This thread has been locked.

If you have a related question, please click the "Ask a related question" button in the top right corner. The newly created question will be automatically linked to this question.

How to Increase Speech Recognition Accuracy Using TIesr API on C5535

Hi,

I am working on a speech recognition project on eZdsp C5535 right now. This project would use 1 trigger word and several (4~7) short commands, such as 'recording', 'complete'.

I started from the reference design project introduced here: Speech Recognition Reference Design on the C5535 eZdsp

Initially the accuracy is not satisfactory, I made following changes:

1. Increased sampling rate from 8kHz to 16kHz. 

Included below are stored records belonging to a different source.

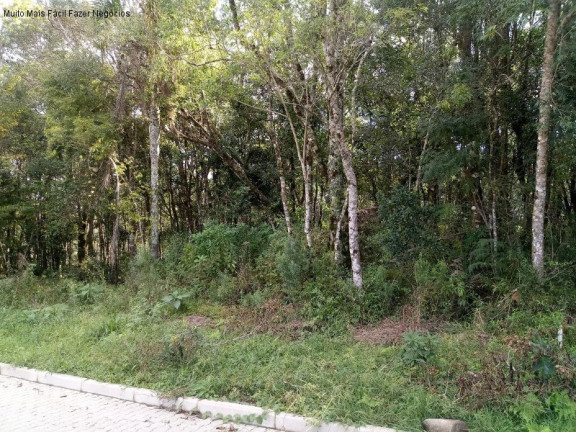 Terreno à Venda, 370 m² em Linha Imperial - Nova Petrópolis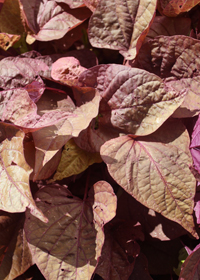 Ipomoea batatas 'Sweet Georgia Red Heart'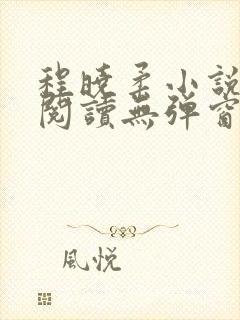 程晓柔小说免费阅读无弹窗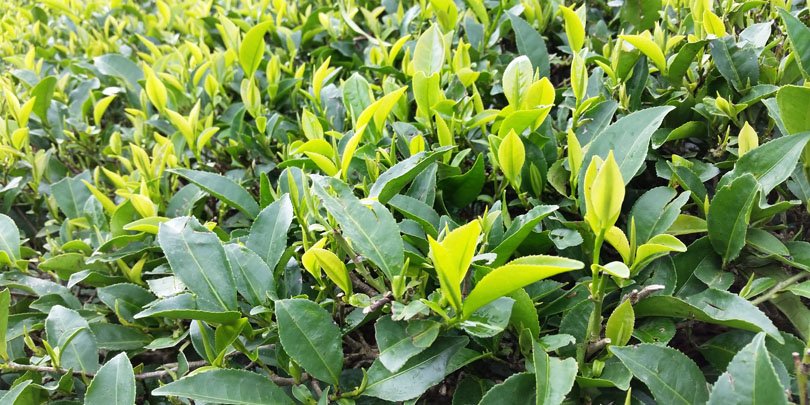 Tea plant Bud and two leaves at the tip of the tea plant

In "TIesr_C55_demo/inc/audio_data_collection.h" file, I changed following:

#define SAMP_RATE                 ( SAMP_RATE_8KHZ )                    --->       ( SAMP_RATE_16KHZ )
#define NUM_SAMP_PER_MS ( SAMPS_PER_MSEC_8KHZ )        --->       ( SAMPS_PER_MSEC_16KHZ )  

In "TIesr_C55_demo/C55/TIesrEngine/src/winlen.h" file, I changed following:

#define FRAME_LEN 480                 --->         320
#define SAM_FREQ 24000               --->         16000

In "TIesr_C55_demo/C55/TIesrEngine/src/mfcc_f.h":

if (WINDOW_LEN == 512 && SAM_FREQ == 24000 )     --->    if (WINDOW_LEN == 512 && SAM_FREQ == 16000 )

2. Increased the Rx circular buffer size from the default value 10 to 20 in "TIesr_C55_demo/inc/audio_data_collection.h" file.

#define RX_CIRCBUF_NUM_FRAMES       ( 20 )  // 10 frames in Rx circular buffer

3. Increased the codec gain configuration.

Though the accuracy is improved after these modifications, I am not very sure if I was making changes at the right places. Could you help me to see/verify if these changes are correct?

Right now, I am still working on increasing the recognition accuracy. 

1. I noticed that if I build less words/phrases into one grammar model file, the accuracy would increase. I guess if I use multiple grammar model file to store these 5~8 words/phrase, the overall accuracy would increase. 

If this assumption is correct, May I ask how to switch grammar model during the run-time? Or it is better to create multiple different TIesr Engine instances loaded with different grammar model?

2. Does TI provide other reference design on techniques such as echo cancellation and adaptive noise cancellation for the TIesr to handle the noisy environment?

3. Any other techniques to improve the recognition accuracy? 

Thank you

Da

 

 

  • Da,

    We will need to take a look at this and get back to you on (1).

    For (2),  please see the C55x AER package at http://software-dl.ti.com/libs/aer/latest/index_FDS.html 

    There isn't an example that combines TIesr with AER at this time.

    Lali

  • Hi Lali,

    Could you please let me know if you have any information on the accuracy?
    I tried the speech recognition on eZdsp C5535. But it hardly recognized the word "TI voice trigger".

    Best regards,
    j-breeze
  • j-breeze,

    Unfortunately, I do not have more details on improving accuracy. The techniques you have already tried are the best knobs to turn. Please note that acoustically rich keywords are the best for response reliability. These are words that have multiple syllables and unique sounds (e.g start recording, or capture complete). 

    I'm unware of a way to switch grammar models during run-time.

    Audio gain certainly has an impact.  Operation would not be reliable at very high or very low gains. Have to experiment for a sweet-spot. Enabling filters or integrating noise cancelling algorithms will also help improve accuracy.

    Also note that TIesr does not work well when trigger phrases are spoken with a heavy accent. Don't know how to get around that.

    Lali

  • The TIesr recognizer consists of two main parts TIesr_Flex which creates word pronunciation networks and model sets based on an input grammar, and TIesr_SI which is the recognizer itself. The accuracy of TIesr depends on the acoustic models that TIesr_Flex uses. These acoustic models must be trained for the language and accents that will be encountered in an application. TIesr comes with acoustic models for general American English only. New models may need to be trained.


    You must be careful if you wish to change sampling rates. This requires that you also specify the proper frequency parameters of the front-end. 

    To operate well in a keyword spotting capacity, consider creating a unique Filler model that covers general sounds of the language that operates as an optional explanation of the input speech in the recognition grammar.

    To obtain good recognition of single words, consider creating acoustic models that are word-based rather than the default TIesr phonetic based models. The docmentation and examples that come with the TIesr open source project explain how this can be done.

    TIesr includes the capabilities to change from one grammar to another at run time, by switching between different grammar and model set files. I am not sure whether this was included in the C55 design.  TIesr can also dynamically create grammars from input grammar text strings if TIesr_Flex is included in the executable, but that does require memory resources to store the acoustic models, dictionary and decision trees as well as the code.

    Lorin

  • Hi Lali, Hi Lorin,

    Thank you very much for your detailed information.

    Best regards,
    j-breeze